## SOURCE MATERIAL:
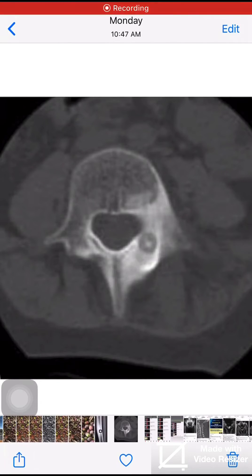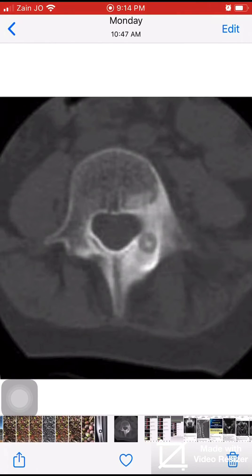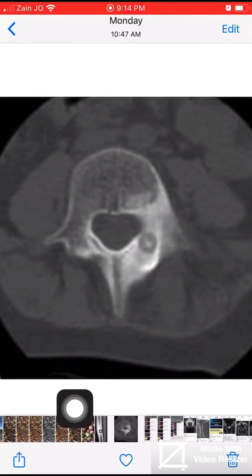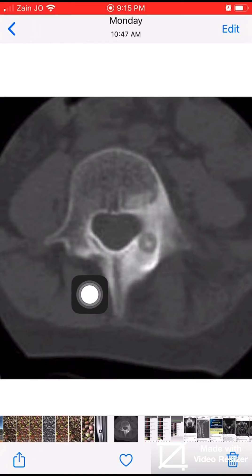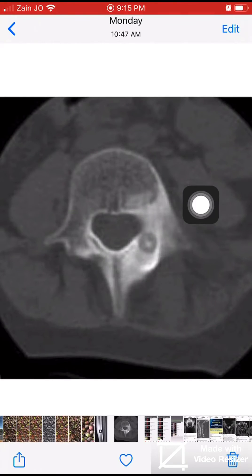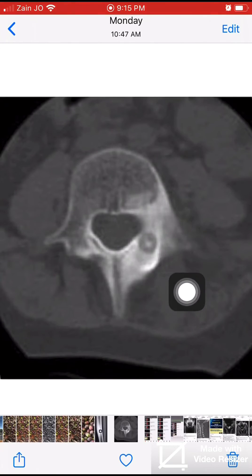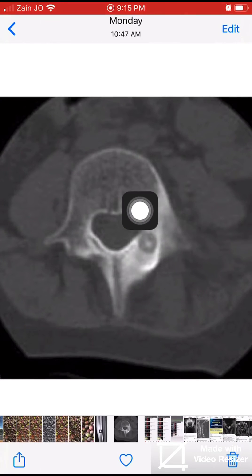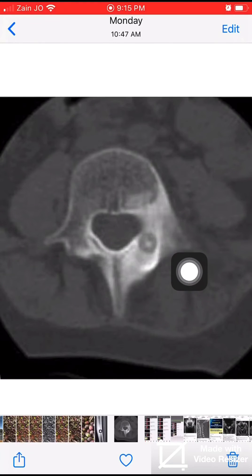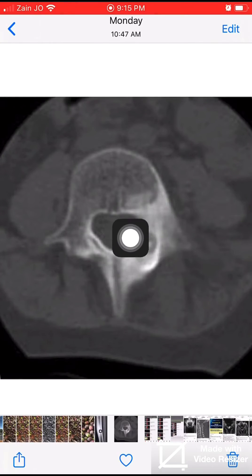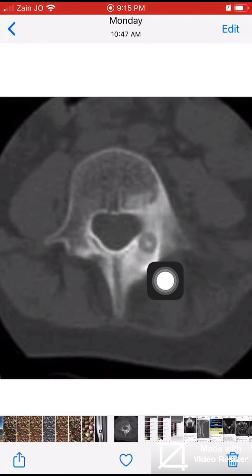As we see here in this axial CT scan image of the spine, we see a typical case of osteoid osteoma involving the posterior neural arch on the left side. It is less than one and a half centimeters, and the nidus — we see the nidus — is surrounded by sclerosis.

* * *

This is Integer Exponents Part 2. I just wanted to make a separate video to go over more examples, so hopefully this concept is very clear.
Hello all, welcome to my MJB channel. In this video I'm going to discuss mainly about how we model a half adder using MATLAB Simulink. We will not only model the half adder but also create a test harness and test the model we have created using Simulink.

## EXERCISE REQUIREMENTS:
Go through the entries above and report every line in which the word "video" appears.

## ANSWER TO THIS EXERCISE:
This is Integer Exponents Part 2. I just wanted to make a separate video to go over more examples, so hopefully this concept is very clear.
Hello all, welcome to my MJB channel. In this video I'm going to discuss mainly about how we model a half adder using MATLAB Simulink. We will not only model the half adder but also create a test harness and test the model we have created using Simulink.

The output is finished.